In the intervening years since writing it I have spent most of my time investing in and supporting technology based businesses plus a couple of consumer goods start-ups, in all cases where professional outside investors are involved. I’ve been a NED and looked at a lot of business plans and financial results. My eBook is weak on finance and accounting for these kind of businesses. I’m not going to try to rectify that here – get yourself a very good finance director would be my first advice. I am, however, going to talk about what all the leadership team need to know about finance and accounting to get the best out of their finance director and run a better business.

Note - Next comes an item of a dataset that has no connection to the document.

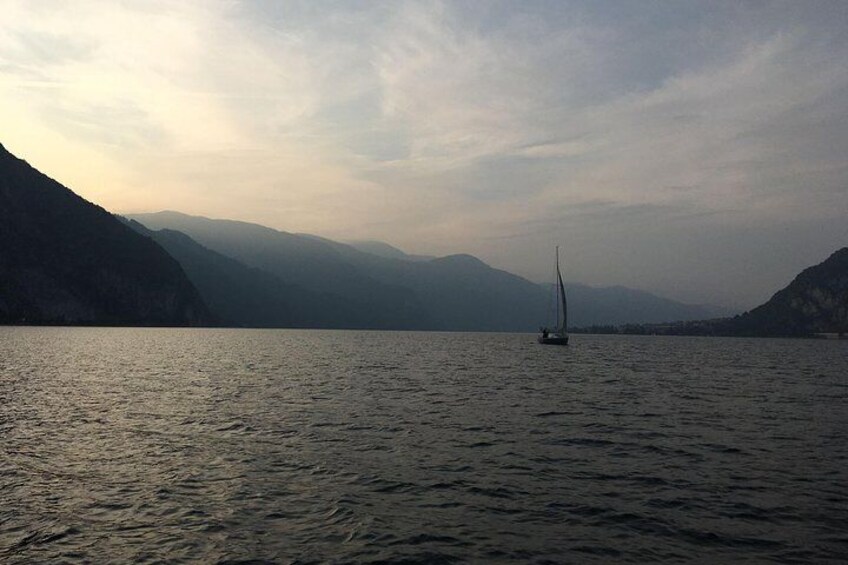 Love, Sail & Taste: Romantic sunset experience on Lake Como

The next piece of advice is that all the leadership team should understand P&L, Cash Flow and Balance Sheet. They should know the purpose of each, how they work, what the differences are and how they connect to give the complete picture on a business. They don’t need to know this to the standard of a Chartered Accountant but they need to know the basics. You’d be surprised how many don’t. These are all real and fairly recent examples:-

The CEO who told me their P&L was strong because he’d added the equity finance to the revenue line.

The CEO and COO who thought that being just above break-even meant they would not run out of cash. (They did – twice)

Several CEO’s who had no idea what they could or could not depreciate thus understating their P&L.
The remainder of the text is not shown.